Longitudinal OCT imaging of the retina has so far proved its capability to detect and image abnormalities such as diabetic retinopathy, the congenital pit of the optic nerve head, vitreous detachment, central serous chorioretinopathy, inflamatory optic neuropathy, macular holes and retinal pigment epithelium detachment [3, 22]. It is hoped that our system will enhance these capabilities even further by supplying a choice of image aspect which could be either transversal or longitudinal.

Obviously, such a system would avoid the necessity of gathering further data from the patient. The 3D volume generated as shown in the present paper gives the clinician access to slices of any orientation (for the time being plane, however circular slices can be software inferred along any contour defined in the transversal plane). Offering access to different angles of view as well as to orthogonal orientated slices will help image interpretation and improve the diagnostic.

The object movements (especially in the case of the eye), during the acquisition of each frame as well as between different frames, constitutes a major source of image blurring. This is especially visible when longitudinal cuts are generated from stacks of transversal OCT images. The value of the 3D presentation demonstrated in this paper is that the longitudinal cuts still show a very good resemblance to the hardware generated longitudinal OCT slices obtained by using either our method (Fig. 1 middle [7]) or conventional OCT imaging (Fig. 1 top). Work is under way to minimize the errors due to movements by software correcting procedures. Generally, a patient subject to such an investigation would require some training to stay still for the duration of image collection.

On the other hand, we have produced similar 3D movies as that in Fig. 2 and 3 by collecting only 40 transversal images which required an investigation time of only 20 seconds.
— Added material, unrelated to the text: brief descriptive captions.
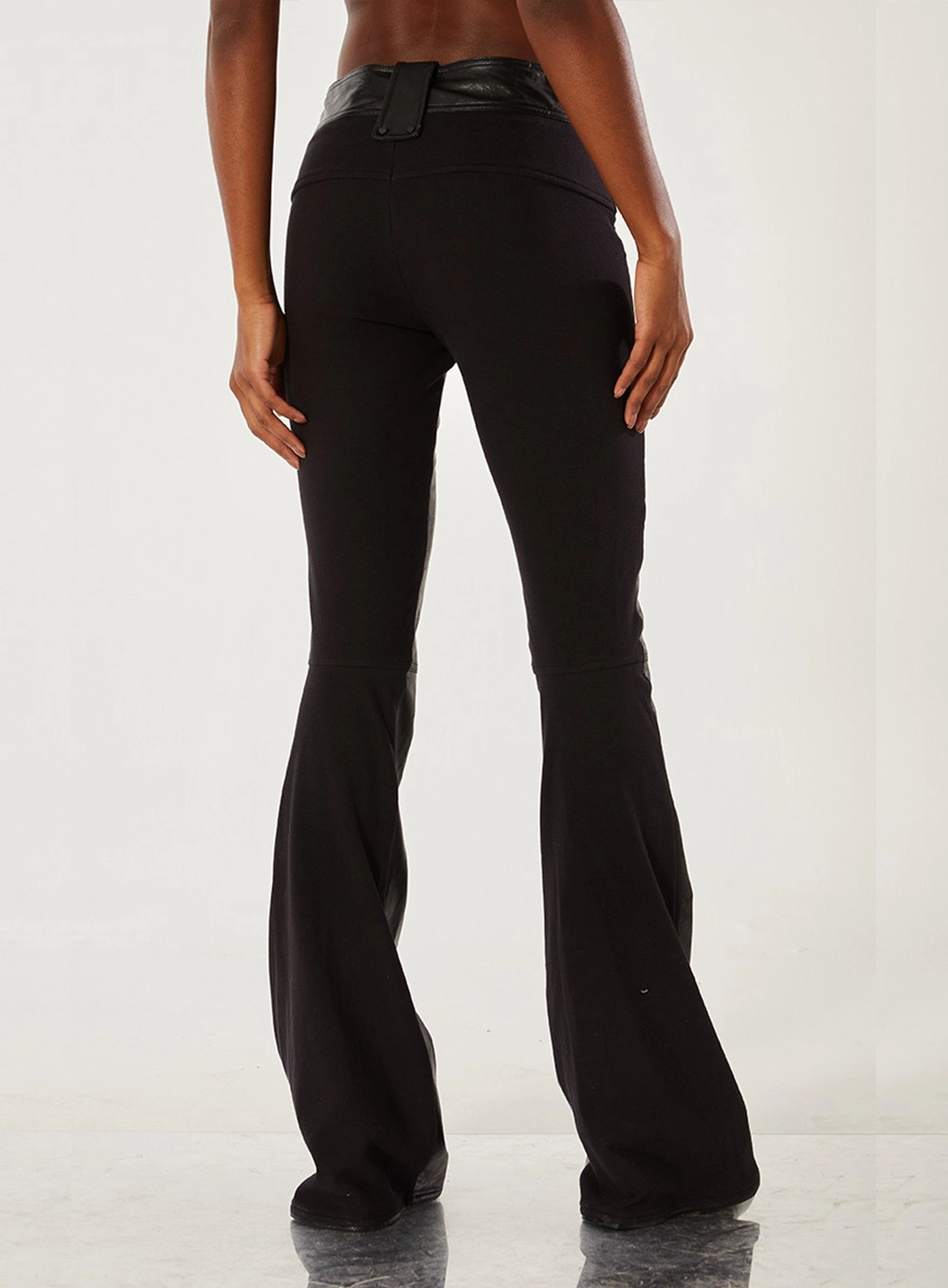 Calça Flare Com Couro Fake Preto 4
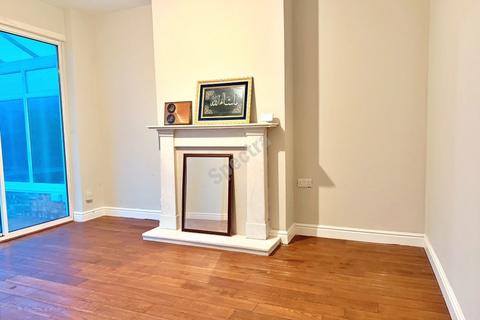 3 bedroom semi-detached house to rent, Westridge Road, Billesley, B13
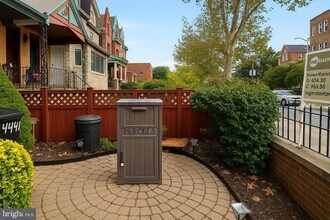 4441 Spruce St in Philadelphia, PA - Building Photo - Building Photo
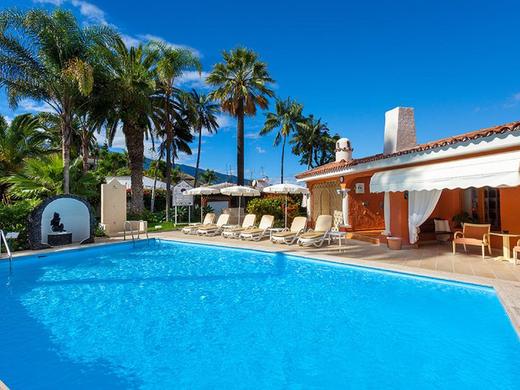 Apartamentos Ambassador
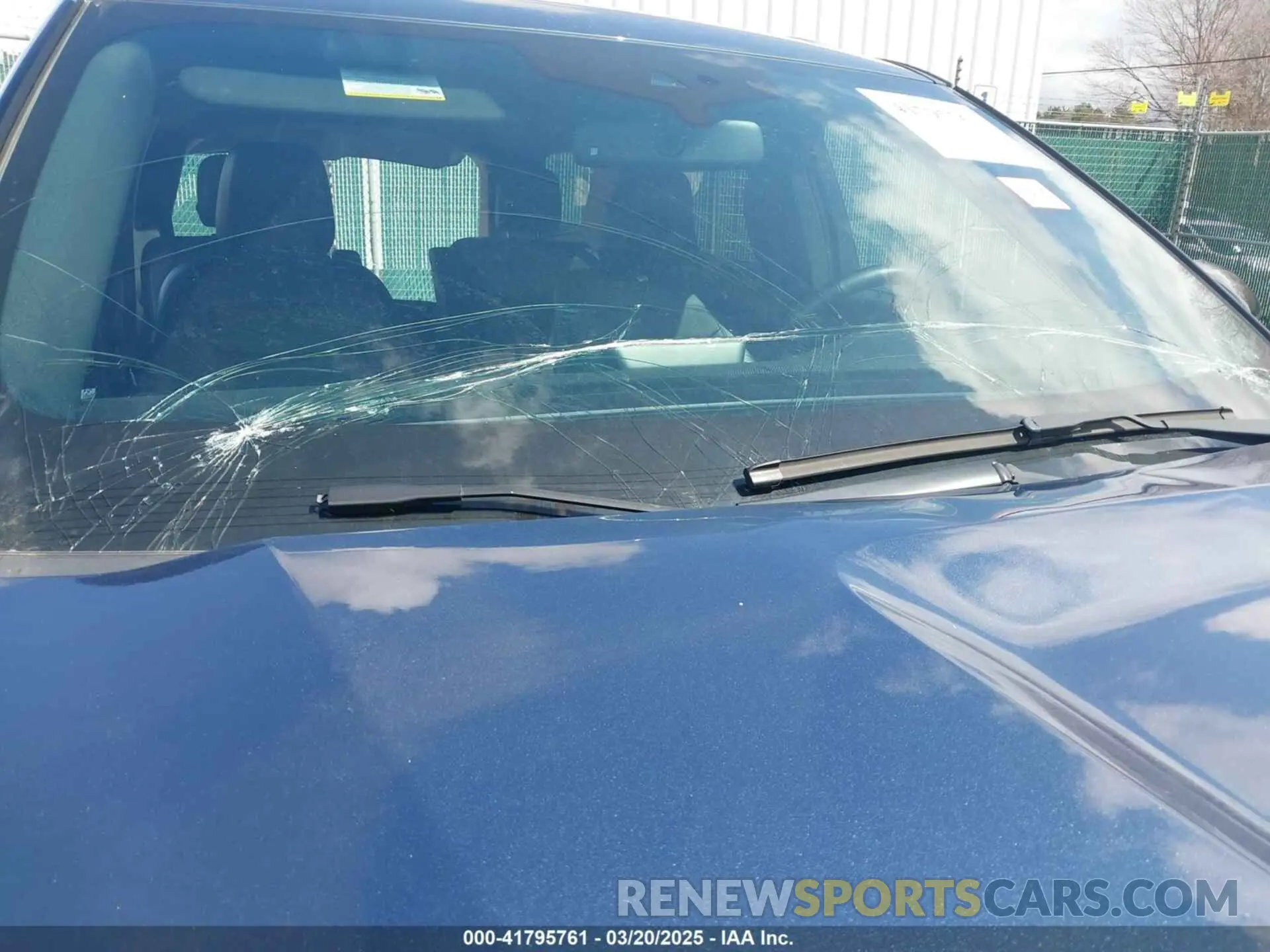 18 Photograph of a damaged car 1FMSK8FHXLGA93776 FORD EXPLORER 2020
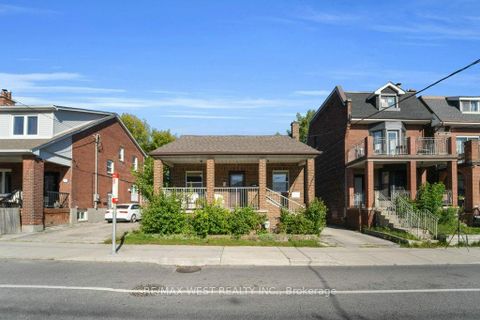 Photo 2 at 225 Oakwood Avenue, Oakwood Village, Toronto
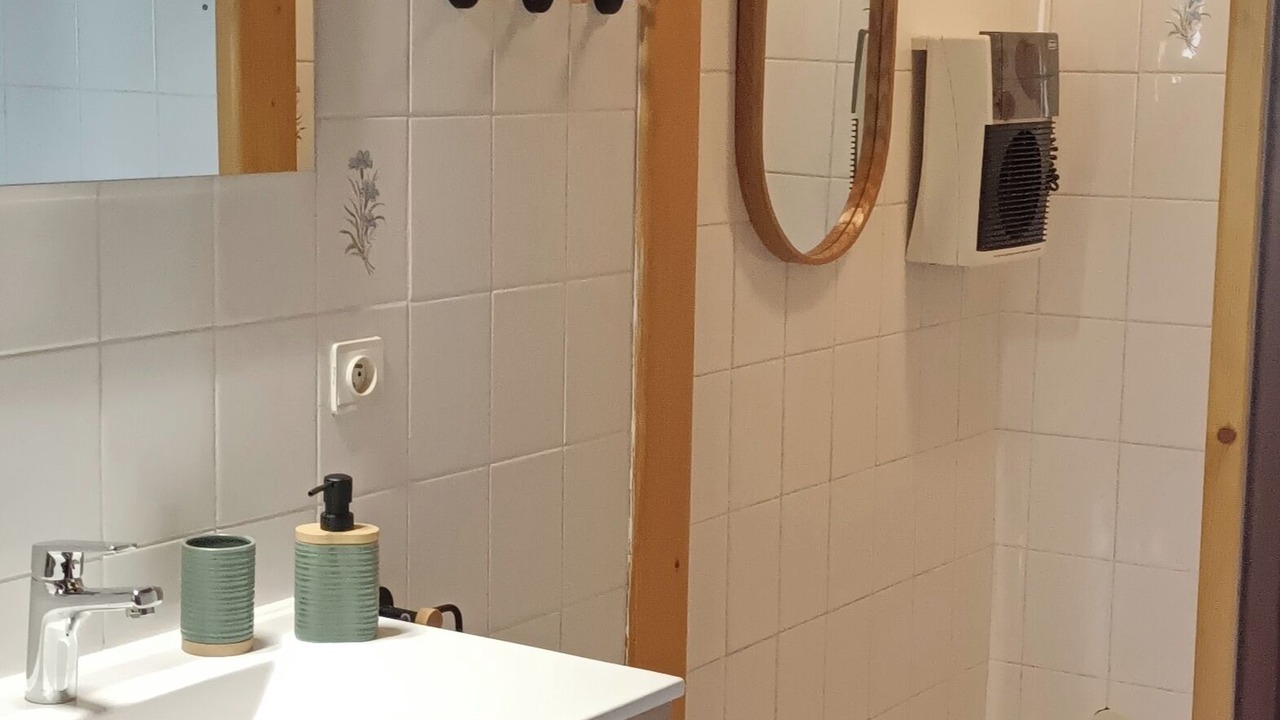 Photo of Bathroom in Thenesol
The quality of such movies seems quite similar to that in Fig. 2 and 3, the only difference is in larger jumps in depth from slice to slice for the same range of depth investigated. We are also evaluating the quality of images collected at larger frame rates (we have recently achieved 1 kHz line rate and 5 Hz frame rate) with a corresponding reduction in the number of lines in the frame. All these issues are subject to a further report.